Inside the lead bus was a microcosm of Dearborn’s diverse population. As civil-rights era classic rock and Motown played through the bus speakers, hijab-wearing women passed out shwarmas. Across the aisle, a pair of denim-wearing UAW men talked Lions football.

There were young parents, old parents, grandparents, and even residents with no schoolchildren who were just concerned about what a faltering public school system would do to their property values.

After the hour-and-a-half drive, the protesters arrived at the rally as it was already under way. With a cadre of signs condemning unfair budget cuts and pleading for students’ futures, the Dearborn group was the most visibly discernible among the large crowd. A handful of speakers addressed the entire audience from the Capitol steps before the various districts’ protesters splintered. While some groups headed inside in hopes of tracking down their representatives, Dearborn protesters walked around the side of the building, where they stopped in front of the Senate chamber’s second-floor windows.

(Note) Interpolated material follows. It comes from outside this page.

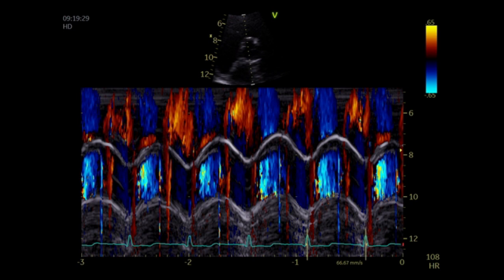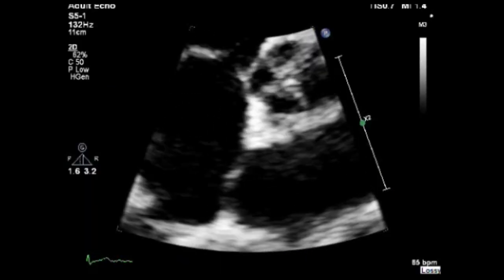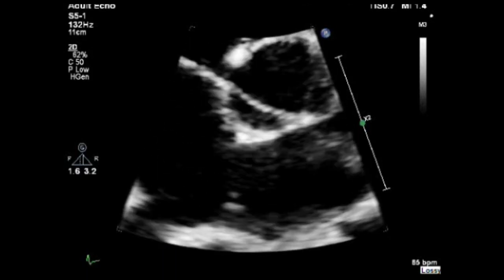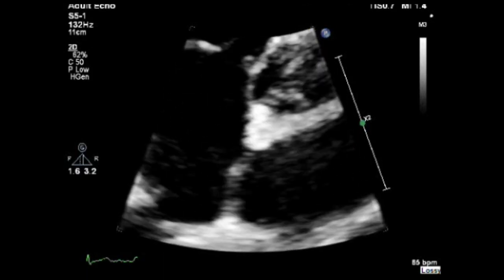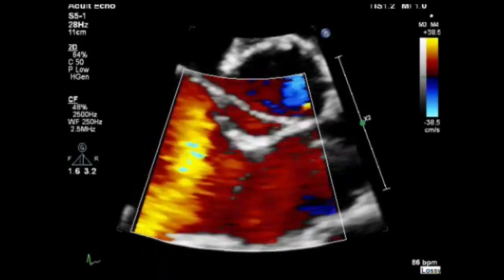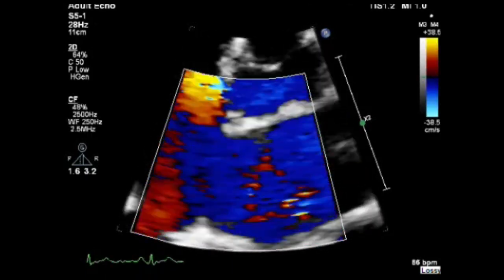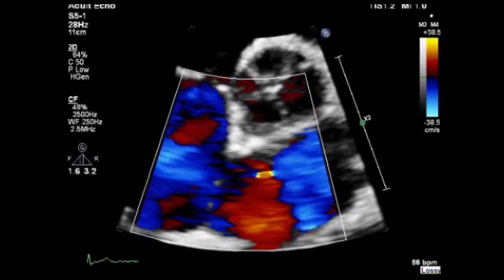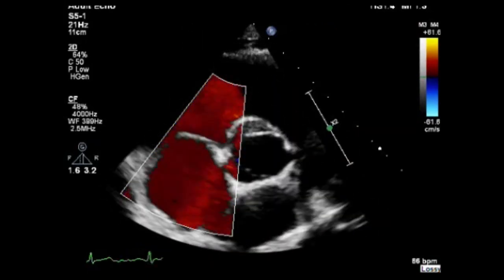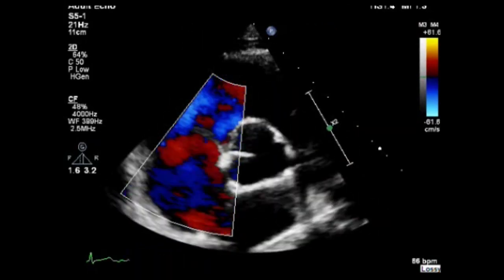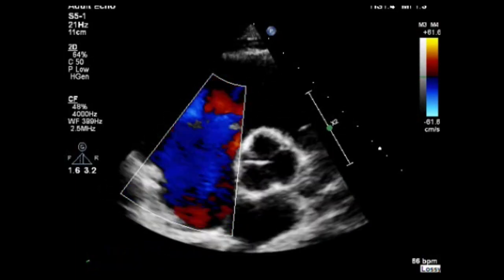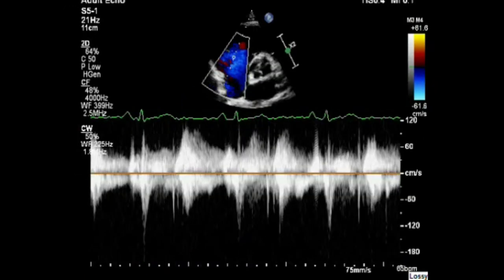Now do a visual assessment of the interatrial septum — a zoomed image is always recommended to assess the interatrial septum integrity. Use color Doppler to assess for transseptal flow and reduce the scale to identify any PFO flow. Now place the color flow Doppler over the tricuspid valve and visually assess for any tricuspid regurgitation. Use continuous wave Doppler to obtain any tricuspid regurgitation flow and measure the tricuspid regurgitation peak velocity if needed.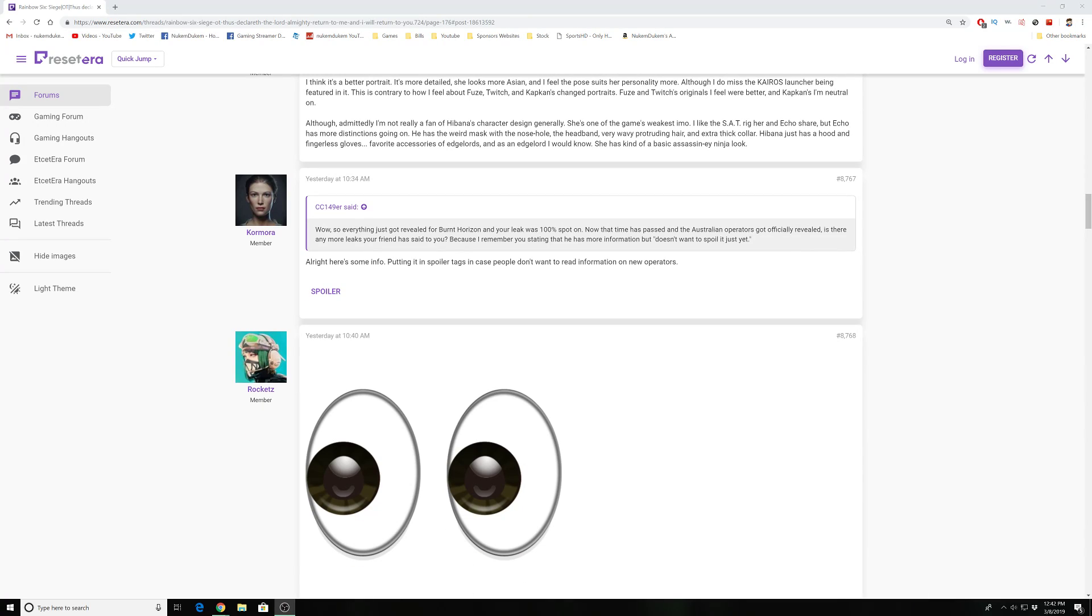Hey guys, we got potential new information on the gadgets of the new Danish operators. Now keep in mind, take this with a grain of salt - it's not confirmed by Ubisoft yet, but usually leaks are pretty genuine. Keep that in mind, spoilers ahead. I know the new operators just came out.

As Republicans caucused inside, the protesters chanted “Do your jobs!,” presumably in hopes that the recalcitrant group of lawmakers would acquiesce to finding new revenue sources.

But the task of swaying Republicans might be easier said than done.

State Rep. Gino Polidori, D-Dearborn, came out to address the crowd and said he was trying to work with his Republican colleagues to get the schools’ money back, but that it has been a trying task so far.

“I couldn’t get anyone to say they would support me in a tax increase,” Polidori told the Times-Herald before departing for a veterans’ function. “Everyone’s worried about re-election right now.”

Among the protesters, fed-up, frustrated and downright furious were but a few of the emotions cited for making the 100-mile trek.

“It’s taken years and years of hard work to put our schools at the top, and (legislators) are just trying to knock us down,” said Charlie McBride, mother of five DPS students. “Pretty soon we’re going to be like Detroit and sending toilet paper to school with our kids.”

For Seham Mawri, the protest was about more than just toilet paper or textbooks. Mawri, who immigrated to Dearborn from Yemen 17 years ago, said it boils down to the American dream.

“We came here to America for our kids dreams,” she said. “We can’t kill their dreams.”